Décolonisations, du sang et des larmes

France 2 a récemment diffusé « décolonisations, du sang et des larmes », un documentaire en deux parties réalisé David Kor-Brzora en collaboration avec l’historien Pascal Blanchard.

 Le film commence par l’évocation de l’exposition coloniale de 1931 dans le Bois de Vincennes, qui fut un immense succès marquant l’apogée de l’empire colonial français. La « mission civilisatrice de la France » paraissait une évidence. L’empire avait pour lui une promesse d’éternité.

 Mais dès les années trente, des mouvements indépendantistes apparaissent, en Indochine et ailleurs. Lorsque le désastre de 1940 révèle que le colonisateur a les pieds d’argile, lorsque les États-Unis et l’URSS cherchent à prendre pied dans les territoires contrôlés par la France, le mouvement vers l’indépendance devient irrépressible.

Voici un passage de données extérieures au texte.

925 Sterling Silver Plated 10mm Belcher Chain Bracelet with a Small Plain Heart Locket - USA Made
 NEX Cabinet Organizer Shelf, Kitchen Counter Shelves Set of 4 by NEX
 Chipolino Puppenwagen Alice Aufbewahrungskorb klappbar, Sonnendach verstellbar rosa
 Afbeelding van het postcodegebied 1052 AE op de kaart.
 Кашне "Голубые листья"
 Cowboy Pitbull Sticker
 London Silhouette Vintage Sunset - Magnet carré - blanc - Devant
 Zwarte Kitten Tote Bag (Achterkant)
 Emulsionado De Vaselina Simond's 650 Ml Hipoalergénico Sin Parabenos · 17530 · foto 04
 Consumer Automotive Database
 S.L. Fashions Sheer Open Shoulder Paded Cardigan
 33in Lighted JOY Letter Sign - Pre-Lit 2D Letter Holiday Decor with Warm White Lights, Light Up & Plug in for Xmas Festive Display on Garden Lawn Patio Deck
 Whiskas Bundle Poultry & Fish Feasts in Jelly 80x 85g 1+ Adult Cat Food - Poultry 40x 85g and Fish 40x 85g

Et c’est pourtant par la répression que la République française réagit. Alors qu’elle se flatte d’accueillir à Paris en 1948 la convention des Nations Unies qui approuve la déclaration universelle des droits de l’homme, elle s’efforce d’écraser tout mouvement de rébellion. Plusieurs épisodes sont révélateurs. Le plus éclatant sans doute est le massacre de Thiaroye, près de Dakar, le 1er décembre 1944 : des gendarmes français tirèrent contre des tirailleurs sénégalais récemment rapatriés qui réclamaient le versement de la solde qu’on leur avait promise.

 En 1958, la révolte menée par l’Union des Peuples du Cameroun est noyée dans le sang. Son leader, Ruben Um Nyobe est assassiné. Autre épisode : en mai 1967, des émeutes nées d’une revendication salariale des ouvriers en bâtiment de la Guadeloupe entraînent, en réaction, un massacre à Pointe à Pitre.

 L’année 1954 marque un tournant : l’accès à l’indépendance du Vietnam du nord et le déclenchement de la guerre d’Algérie à la Toussaint convainquent les gouvernements de la quatrième République qu’il faut lâcher du lest. La plupart des colonies s’acheminent vers l’indépendance, ainsi que les protectorats du Maroc et de la Tunisie. Pour Paris, il faut sauver l’essentiel : l’Algérie française. « La Méditerranée coule dans la France comme la Seine coule dans Paris ». On connait la suite : 7 années de guerre féroce, des populations déplacées, la torture couramment pratiquée par l’armée du pays des droits de l’homme.

Le documentaire de Kor-Brzora ne fait pas appel au témoignage d’historiens. S’y expriment des personnes directement impliquées dans les événements ou leurs descendants qui parlent du retentissement de ces événements sur leur propre vie. Les films d’archive ont été colorisés pour minimiser l’écart avec le téléspectateur d’aujourd’hui.

 La colonisation en général, la guerre d’Algérie en particulier restent d’autant plus douloureuses qu’elles forment la toile de fond de ce sujet qui divise, l’immigration. La colonisation fait aussi partie de l’histoire de ces territoires qui ont été totalement intégrés à la République française aux Antilles, dans l’Océan indien et dans le Pacifique. « Décolonisations » évoque les traumatismes vécus par les populations qui y vivent : elles ont longtemps été encouragées à émigrer en métropole, et l’agence créée à cette fin, le Bumidom, est accusée d’avoir sciemment vendu des illusions.